Reputation: 2743
How do I determine if the string contains non-ASCII AND exceeds 5 characters using RegEx?
I tried this pattern: (?=\P{ASCII})(?=^.{6,}$)
I thought (?=)
means (?=must be this)(?=and this too).
Given this input: 1巻345
I'm expecting matcher find()
to return false.
Given this input: 1巻34567
I'm expecting matcher find()
to return true.
But it always returns false on both inputs.
Please also explain why my given pattern doesn't work.
UPDATE:
I figured the right pattern: (\P{ASCII})(.{6,})
Now I only need to know why (?=)
doesn't work.
Upvotes: 1
Views: 1156
Reputation: 14921
What you're looking for is:
^(?=.*\P{ASCII}).{6,}$
So let's explain it:
^ # Begin of string
(?= # Take a look and make sure if there is
.* # Anything zero or more times (greedy)
\P{ASCII} # A non-ascii character
) # End of lookahead
.{6,} # Match any character 6 or more times
$ # End of string
Let's analyse why your pattern fails (?=\P{ASCII})(?=^.{6,}$)
:
(?=\P{ASCII})
you're first telling the regex engine to check if there is a non-ascii character.(?=^.{6,}$)

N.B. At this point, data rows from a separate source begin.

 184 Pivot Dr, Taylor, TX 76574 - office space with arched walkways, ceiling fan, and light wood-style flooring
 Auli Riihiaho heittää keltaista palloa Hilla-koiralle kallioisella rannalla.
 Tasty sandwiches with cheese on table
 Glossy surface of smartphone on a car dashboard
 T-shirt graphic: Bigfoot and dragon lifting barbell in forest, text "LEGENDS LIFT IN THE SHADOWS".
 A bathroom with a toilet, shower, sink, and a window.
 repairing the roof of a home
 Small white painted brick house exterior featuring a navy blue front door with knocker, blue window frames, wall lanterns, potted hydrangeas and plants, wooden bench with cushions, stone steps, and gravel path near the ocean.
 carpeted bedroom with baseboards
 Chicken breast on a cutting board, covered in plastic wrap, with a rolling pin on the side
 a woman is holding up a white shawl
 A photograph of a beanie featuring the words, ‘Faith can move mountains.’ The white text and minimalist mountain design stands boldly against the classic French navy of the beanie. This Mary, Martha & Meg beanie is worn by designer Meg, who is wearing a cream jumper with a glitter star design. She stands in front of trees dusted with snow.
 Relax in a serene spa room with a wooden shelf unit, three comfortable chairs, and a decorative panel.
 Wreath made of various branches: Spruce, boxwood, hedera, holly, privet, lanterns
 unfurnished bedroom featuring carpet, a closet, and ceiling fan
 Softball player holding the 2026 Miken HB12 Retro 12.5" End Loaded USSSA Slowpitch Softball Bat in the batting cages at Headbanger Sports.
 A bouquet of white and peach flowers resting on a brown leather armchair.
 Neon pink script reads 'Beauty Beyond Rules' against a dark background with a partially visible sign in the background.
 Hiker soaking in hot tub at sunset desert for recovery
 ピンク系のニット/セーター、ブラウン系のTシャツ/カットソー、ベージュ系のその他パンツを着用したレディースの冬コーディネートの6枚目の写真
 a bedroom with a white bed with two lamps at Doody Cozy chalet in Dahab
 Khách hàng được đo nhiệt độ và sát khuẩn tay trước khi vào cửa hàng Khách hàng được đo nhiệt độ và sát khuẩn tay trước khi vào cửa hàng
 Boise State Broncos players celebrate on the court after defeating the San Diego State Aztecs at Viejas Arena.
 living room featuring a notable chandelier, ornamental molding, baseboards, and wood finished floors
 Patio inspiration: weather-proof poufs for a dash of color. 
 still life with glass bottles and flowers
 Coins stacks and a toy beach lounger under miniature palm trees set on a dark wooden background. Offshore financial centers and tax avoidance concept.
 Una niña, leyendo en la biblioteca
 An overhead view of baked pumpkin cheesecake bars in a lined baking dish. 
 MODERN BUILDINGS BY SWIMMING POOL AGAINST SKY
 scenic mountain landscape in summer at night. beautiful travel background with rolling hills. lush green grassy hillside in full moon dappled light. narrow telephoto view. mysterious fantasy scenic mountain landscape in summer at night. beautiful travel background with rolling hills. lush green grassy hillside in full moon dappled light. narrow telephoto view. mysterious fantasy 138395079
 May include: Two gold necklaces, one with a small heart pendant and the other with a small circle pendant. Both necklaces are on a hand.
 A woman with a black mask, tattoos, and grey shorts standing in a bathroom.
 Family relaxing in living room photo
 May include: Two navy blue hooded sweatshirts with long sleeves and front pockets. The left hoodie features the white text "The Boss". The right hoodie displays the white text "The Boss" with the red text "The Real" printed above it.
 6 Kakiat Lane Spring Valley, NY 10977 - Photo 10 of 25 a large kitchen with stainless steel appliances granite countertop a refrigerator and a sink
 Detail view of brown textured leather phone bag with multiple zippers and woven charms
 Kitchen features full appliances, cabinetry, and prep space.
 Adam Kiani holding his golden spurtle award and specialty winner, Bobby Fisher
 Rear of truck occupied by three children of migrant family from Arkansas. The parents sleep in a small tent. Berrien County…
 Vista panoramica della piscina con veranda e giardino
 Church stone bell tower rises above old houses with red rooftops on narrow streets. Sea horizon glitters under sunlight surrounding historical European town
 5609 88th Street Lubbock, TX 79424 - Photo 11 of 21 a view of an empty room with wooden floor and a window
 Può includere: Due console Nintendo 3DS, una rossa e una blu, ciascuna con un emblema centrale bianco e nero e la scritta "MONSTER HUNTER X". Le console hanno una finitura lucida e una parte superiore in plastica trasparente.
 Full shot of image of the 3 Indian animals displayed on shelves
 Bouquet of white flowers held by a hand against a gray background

then you're telling the regex engine to check if it's the beginning of string with ^
in the lookahead, and then checking if there is 6 or more characters.Now look at your input, you've got 1巻34567
. And you're telling the regex engine if the first character is non-ascii, which is false since the first character is 1
. Try 巻345671
as input and it should output true.
Note that .
doesn't match newline. So you might want to set the s
modifier by using (?s)
:(?s)^(?=.*\P{ASCII}).{6,}$
.
Upvotes: 5